Golden Skate

Carrying the Banner of the Lifts

Pernelle Carron, 21, and Matthieu Jost, 27, perform the Yankee Polka for their Compulsory Dance at 2007 Skate Canada.

For French ice dancers Pernelle Carron and Matthieu Jost, it’s not just carrying on the traditions of the sport highlighted by such innovators as Isabelle and Paul Duchesnay or 2002 Olympic champions Marina Anissina and Gwendal Peizerat. Two-time and reigning World silver medalist Marie-France Dubreuil and Patrice Lauzon have also anointed them as their successors in the realm of dance lifts. “They must carry on the banner of the lifts,” Lauzon stated.

One of the newest French dance teams, Carron, 21, and Jost, 27, have been together for less than three years. Previously, Jost partnered with Roxane Petetin, reaching as high as 12th at the European Figure Skating Championships in 2004 and 23rd at the World Championships in 2003, but Petetin retired from the sport after the 2004-05 season. “My old partner had injuries,” Jost said, “so she had to quit.”

Carron previously skated with Edouard Dezutter in juniors, taking 13th place at the World Junior Figure Skating Championships in 2005. “He quit after Junior Worlds in Kitchener,” Carron stated. “Matthieu and I knew each other because we were in the same club, so we decided to try together.” “We started in July of 2005, but then I broke my ankle and was off the ice for two months,” Jost added. “So we got a late start for the season.”
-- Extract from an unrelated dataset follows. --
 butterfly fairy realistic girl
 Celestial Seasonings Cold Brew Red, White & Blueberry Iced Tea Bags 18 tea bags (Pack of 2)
Carron and Jost have already found more success together. They were ninth at Europeans in 2007 and 2008, took the bronze at the World University Games in 2007, and finished third at French Nationals in seniors their first two seasons before winning the silver this year. This season, the couple won their first senior ISU Grand Prix medal with a bronze at Skate Canada in Quebec. They also finished fifth at Trophee Eric Bompard Cachemire in Paris.

“The medal was a great satisfaction for us,” Jost said. “We came there to win the silver or bronze medal, although nobody except for us believed that this would be possible. Nathalie Pechalat and Fabian Bourzat were on the podium at Skate America, and we had to medal in order to compete with them. It has been a race between us and them for the second position this year.”

“Our goal was to medal in the Grand Prix and be the second couple for France for Europeans and Worlds,” Carron added. “We hope to continue for a minimum of two Olympics, but we’ll see.”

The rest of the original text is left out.